Help generating a script for next-generation sequencing data
I am not sure if this is entirely possible, but I want to compare data in a particular column in several .txt files and have a new file generated. I am a biologist with limited unix knowledge.

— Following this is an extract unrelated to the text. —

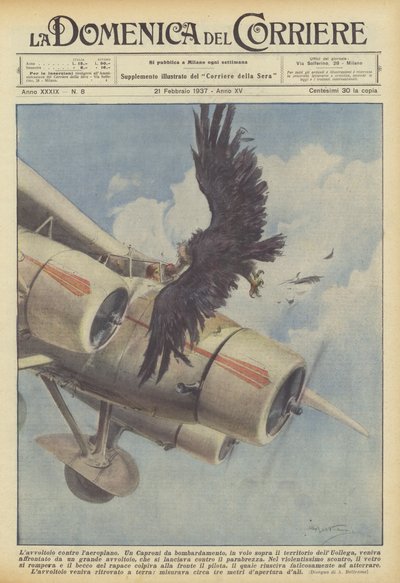 飛行機に対するハゲタカ 作： Achille Beltrame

There are currently no programs written for this type of analysis.
First I would like to define the output file:
Code:
echo Please enter family number
read FALS
OUT=”$FALS_affected_variants.txt” (is this correct?)

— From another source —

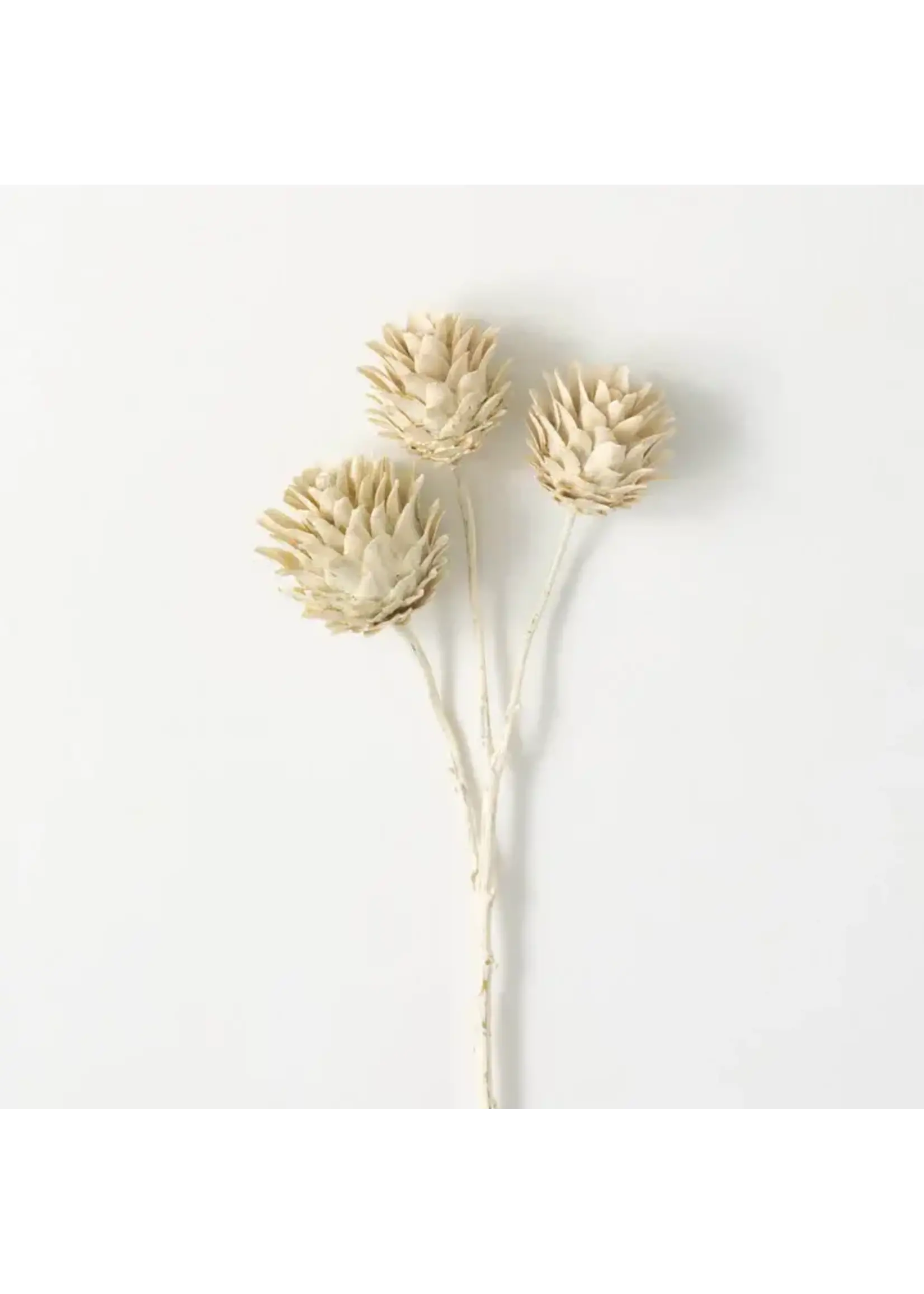 Sullivans DRAGON SPRAY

echo “The output file is $OUT”
echo Please enter number of affected samples in family
read ?
I want use this number that is inputted for the number of .txt files I want to compare because this will vary every time, so for example if I entered 4, then:
Code:
echo Please enter affected sample 1
read AFF1
echo Please enter affected sample 2
read AFF2
echo Please enter affected sample 3
read AFF3
echo Please enter affected sample 4
read AFF4
Now, I want to compare the .txt files from these samples. So I want to directly compare $AFF1.txt $AFF2.txt $AFF3.txt $AFF4.txt
If the same data in column 15 (not a ".", but if there is something written i.e. NM_123456) is in two or more .txt files (anywhere in the entire file), I want this entire line outputted to a new .txt file
OUT=”$FALS_affected_variants.txt” with a new column added on (so a 19th column in the file) with how many (integer) .txt files this data is present in, and a heading of that column with “subjects”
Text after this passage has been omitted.